French journalists kept scrupulously quiet about the results of regional elections until a ban expired at 8 pm on Sunday evening. But, by then, their colleagues abroad had long broken the news on the Web.
No sooner had the clock struck eight on Sunday evening than the French media rushed to announce the exit polls for the first round of regional elections in France. But, by then, most people already knew that the ruling party of President Nicolas Sarkozy was heading for a beating.
French law says it is illegal to publish any figures – other than voter turnout – before polls close. While French websites and broadcasters strictly abide by the rules, many foreign-based media clearly don't feel concerned by the ban.
As a result, anyone with an Internet connection, in or out of France, was able to access the first exit polls before 6 pm by taking a look at Swiss and Belgian news websites.

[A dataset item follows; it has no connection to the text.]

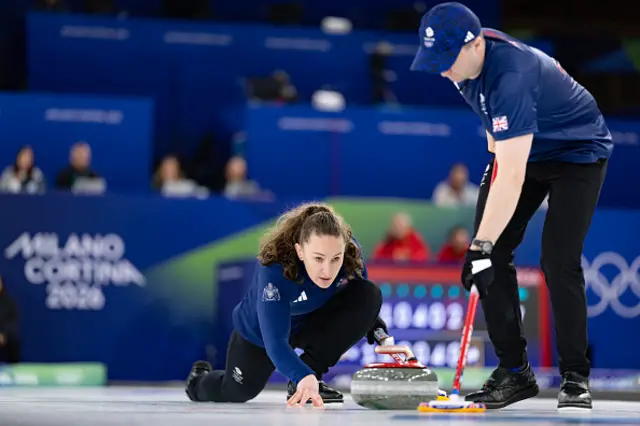 Britain's Jennifer Dodds (L) and Britain's Bruce Mouat (R) compete in the curling mixed doubles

Geneva-based dailies Le Temps and La Tribune and Belgian newspaper Le Soir each posted estimated results of the regional polls just after 5:30 pm. More importantly, they posted the figures on the social networking site Twitter – thereby hugely expanding their reach.
Within seconds, Twitter, Facebook and other social networking sites were awash with estimates attributed to French polling institutes.
Not all were dead accurate, though. One estimate posted by Le Soir pointed to a slender lead for the ruling UMP party over the Socialists, when in fact it turned out to be the other way round.
Foreign websites are not the only ones pouncing on leaked exit polls. A newsreader for RMC, a French radio, also posted the results on Twitter some two hours early, only to delete the tweet a few minutes later. But his gamble was picked up by the French version of the Slate news website and was soon known to all.
In some cases, people involved in the vote count broke the news for their constituency, tweeting preliminary figures before 8 pm.
All of this, of course, is perfectly illegal; nor does living abroad exempt one from the ban.
Twitter, which is based in the US, and Belgian and Swiss media could in theory be prosecuted if a party or a candidate filed a complaint, or if France's state prosecutors decide to go after them.
But neither the government, nor the parties, nor even France’s official media watchdog, have done anything to stem the leaks.
This is not the first time the issue has been raised. In 2007, news of Nicolas Sarkozy's impending victory in the race for the presidency was available on Internet two hours before polls closed.